:: EXERCISE PROMPT ::
Go through the data and copy each line that holds "Spacious".

:: TASK INPUTS ::

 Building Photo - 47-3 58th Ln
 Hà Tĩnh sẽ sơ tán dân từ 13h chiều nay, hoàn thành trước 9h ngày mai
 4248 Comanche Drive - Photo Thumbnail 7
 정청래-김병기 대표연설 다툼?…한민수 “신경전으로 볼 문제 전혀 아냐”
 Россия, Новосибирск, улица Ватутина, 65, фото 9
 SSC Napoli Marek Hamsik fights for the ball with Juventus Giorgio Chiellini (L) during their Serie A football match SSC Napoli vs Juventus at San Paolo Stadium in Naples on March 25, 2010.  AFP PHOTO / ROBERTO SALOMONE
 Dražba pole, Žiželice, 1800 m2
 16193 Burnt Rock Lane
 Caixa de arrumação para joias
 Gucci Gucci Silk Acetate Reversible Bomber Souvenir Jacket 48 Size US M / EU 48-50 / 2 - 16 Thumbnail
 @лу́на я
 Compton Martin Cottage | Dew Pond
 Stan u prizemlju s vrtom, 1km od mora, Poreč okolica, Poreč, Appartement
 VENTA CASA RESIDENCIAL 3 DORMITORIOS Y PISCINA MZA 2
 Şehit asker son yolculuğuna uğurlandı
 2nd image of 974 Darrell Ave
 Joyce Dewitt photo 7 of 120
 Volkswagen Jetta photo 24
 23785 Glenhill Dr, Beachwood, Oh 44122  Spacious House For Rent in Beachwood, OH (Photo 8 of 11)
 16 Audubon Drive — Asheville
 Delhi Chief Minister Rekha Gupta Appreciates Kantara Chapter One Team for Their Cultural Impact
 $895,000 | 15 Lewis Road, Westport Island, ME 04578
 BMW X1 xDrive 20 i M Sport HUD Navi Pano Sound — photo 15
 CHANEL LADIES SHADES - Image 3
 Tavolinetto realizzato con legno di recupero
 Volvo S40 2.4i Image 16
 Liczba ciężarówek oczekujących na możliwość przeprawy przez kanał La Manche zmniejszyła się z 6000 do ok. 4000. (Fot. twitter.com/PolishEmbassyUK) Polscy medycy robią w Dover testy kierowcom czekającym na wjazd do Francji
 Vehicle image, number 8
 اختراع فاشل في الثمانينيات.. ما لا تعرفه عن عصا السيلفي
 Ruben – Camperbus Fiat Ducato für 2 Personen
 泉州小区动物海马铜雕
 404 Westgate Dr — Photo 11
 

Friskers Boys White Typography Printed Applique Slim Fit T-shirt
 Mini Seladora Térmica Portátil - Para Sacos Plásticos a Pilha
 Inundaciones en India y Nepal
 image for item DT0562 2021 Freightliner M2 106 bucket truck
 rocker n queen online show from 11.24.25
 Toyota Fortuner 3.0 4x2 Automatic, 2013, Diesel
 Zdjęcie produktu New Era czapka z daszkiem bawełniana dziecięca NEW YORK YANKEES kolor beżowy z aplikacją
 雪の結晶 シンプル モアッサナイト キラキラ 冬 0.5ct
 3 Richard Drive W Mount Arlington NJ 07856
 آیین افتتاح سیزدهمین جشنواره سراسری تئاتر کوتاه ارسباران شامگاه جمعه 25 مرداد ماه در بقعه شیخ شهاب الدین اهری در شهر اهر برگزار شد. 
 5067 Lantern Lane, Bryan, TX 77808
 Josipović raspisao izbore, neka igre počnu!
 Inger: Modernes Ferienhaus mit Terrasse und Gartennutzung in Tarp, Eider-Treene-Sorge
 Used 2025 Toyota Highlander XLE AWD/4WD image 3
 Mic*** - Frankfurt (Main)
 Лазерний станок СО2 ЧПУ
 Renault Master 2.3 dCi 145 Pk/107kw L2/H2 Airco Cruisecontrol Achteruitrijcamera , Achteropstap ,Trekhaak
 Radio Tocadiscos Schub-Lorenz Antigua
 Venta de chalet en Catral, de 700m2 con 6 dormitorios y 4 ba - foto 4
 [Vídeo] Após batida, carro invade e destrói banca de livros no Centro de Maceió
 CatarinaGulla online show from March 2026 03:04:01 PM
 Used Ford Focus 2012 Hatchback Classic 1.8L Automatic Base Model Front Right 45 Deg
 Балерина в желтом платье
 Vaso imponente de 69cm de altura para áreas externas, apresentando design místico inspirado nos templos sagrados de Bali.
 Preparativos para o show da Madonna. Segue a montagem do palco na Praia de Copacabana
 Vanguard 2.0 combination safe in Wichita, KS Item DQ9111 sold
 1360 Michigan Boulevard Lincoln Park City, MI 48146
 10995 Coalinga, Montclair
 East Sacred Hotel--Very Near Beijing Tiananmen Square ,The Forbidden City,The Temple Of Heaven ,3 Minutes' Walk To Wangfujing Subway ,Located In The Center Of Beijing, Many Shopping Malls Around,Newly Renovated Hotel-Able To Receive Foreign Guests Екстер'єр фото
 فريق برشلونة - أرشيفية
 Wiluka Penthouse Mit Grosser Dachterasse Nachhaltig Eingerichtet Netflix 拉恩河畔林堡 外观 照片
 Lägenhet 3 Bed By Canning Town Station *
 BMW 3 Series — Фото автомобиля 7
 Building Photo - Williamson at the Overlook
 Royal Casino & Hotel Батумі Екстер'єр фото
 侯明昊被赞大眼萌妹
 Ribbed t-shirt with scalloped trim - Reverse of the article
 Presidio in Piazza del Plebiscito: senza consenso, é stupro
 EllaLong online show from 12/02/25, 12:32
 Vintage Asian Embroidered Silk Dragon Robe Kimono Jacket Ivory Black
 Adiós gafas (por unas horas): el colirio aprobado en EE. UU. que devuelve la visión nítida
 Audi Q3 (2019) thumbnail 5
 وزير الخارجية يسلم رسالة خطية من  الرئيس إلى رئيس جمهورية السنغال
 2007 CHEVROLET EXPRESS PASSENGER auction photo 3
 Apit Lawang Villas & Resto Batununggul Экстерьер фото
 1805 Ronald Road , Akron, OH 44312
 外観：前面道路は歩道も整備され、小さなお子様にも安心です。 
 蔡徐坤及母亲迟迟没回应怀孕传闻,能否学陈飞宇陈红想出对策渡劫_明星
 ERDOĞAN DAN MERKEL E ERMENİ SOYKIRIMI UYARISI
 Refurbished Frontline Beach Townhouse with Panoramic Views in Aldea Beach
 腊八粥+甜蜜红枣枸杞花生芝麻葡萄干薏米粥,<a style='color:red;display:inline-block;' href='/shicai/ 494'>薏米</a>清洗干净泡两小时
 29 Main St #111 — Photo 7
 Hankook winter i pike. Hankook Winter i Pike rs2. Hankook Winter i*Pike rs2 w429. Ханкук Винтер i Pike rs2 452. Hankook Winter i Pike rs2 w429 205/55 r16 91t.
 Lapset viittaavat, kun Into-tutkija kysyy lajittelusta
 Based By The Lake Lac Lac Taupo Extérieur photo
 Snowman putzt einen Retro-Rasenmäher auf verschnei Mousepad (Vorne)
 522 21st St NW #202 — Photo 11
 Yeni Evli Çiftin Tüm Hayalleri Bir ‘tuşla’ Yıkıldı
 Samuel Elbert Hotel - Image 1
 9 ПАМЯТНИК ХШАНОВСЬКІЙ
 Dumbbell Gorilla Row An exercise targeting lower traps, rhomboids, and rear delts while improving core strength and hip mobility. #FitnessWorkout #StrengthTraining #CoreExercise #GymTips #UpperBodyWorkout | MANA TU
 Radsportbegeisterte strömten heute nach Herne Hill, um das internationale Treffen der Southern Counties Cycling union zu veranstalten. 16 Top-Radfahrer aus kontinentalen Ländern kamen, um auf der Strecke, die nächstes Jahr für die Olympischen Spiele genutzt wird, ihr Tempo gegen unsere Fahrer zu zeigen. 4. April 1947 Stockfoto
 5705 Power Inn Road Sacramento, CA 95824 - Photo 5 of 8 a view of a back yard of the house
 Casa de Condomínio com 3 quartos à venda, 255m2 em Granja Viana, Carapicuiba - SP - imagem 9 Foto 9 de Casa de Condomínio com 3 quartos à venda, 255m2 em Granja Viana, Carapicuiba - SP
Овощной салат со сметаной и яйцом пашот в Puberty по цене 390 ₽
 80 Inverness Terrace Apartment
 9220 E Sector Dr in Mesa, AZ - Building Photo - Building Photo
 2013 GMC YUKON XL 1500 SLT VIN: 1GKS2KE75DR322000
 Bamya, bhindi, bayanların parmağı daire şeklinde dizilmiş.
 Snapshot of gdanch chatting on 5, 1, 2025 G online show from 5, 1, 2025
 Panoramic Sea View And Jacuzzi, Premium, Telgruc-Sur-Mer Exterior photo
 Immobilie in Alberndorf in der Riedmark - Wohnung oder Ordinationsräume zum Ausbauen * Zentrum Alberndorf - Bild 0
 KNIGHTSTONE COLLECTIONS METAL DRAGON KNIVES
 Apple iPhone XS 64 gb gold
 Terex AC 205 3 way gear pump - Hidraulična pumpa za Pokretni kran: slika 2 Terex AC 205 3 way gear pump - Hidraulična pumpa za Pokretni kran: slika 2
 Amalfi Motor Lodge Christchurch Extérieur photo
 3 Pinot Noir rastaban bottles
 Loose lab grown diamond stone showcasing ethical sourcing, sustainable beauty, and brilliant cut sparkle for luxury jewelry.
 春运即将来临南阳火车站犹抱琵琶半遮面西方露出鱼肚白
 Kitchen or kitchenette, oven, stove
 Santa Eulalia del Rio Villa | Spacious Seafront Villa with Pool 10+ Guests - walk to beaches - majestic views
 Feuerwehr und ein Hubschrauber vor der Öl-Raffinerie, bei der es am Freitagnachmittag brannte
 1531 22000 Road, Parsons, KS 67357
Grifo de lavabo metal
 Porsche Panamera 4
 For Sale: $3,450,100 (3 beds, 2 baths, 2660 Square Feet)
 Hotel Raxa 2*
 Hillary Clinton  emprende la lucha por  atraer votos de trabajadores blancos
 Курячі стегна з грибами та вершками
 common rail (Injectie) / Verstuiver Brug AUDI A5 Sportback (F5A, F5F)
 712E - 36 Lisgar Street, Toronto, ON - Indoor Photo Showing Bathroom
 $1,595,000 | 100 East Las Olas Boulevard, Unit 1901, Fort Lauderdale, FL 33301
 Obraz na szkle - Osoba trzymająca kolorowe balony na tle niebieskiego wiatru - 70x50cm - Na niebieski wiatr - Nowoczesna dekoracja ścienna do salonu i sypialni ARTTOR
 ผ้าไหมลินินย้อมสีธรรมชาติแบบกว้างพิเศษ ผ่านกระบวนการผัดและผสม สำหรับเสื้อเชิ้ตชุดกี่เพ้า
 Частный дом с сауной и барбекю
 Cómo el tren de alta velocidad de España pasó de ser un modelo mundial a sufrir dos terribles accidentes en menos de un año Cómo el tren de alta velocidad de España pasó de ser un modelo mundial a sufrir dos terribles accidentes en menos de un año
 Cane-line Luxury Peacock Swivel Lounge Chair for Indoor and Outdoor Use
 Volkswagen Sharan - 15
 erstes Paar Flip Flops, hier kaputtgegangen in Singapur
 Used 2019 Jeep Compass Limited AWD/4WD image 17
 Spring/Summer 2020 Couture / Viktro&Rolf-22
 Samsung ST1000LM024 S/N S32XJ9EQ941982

:: WRITTEN RESPONSE ::
 23785 Glenhill Dr, Beachwood, Oh 44122  Spacious House For Rent in Beachwood, OH (Photo 8 of 11)
 Santa Eulalia del Rio Villa | Spacious Seafront Villa with Pool 10+ Guests - walk to beaches - majestic views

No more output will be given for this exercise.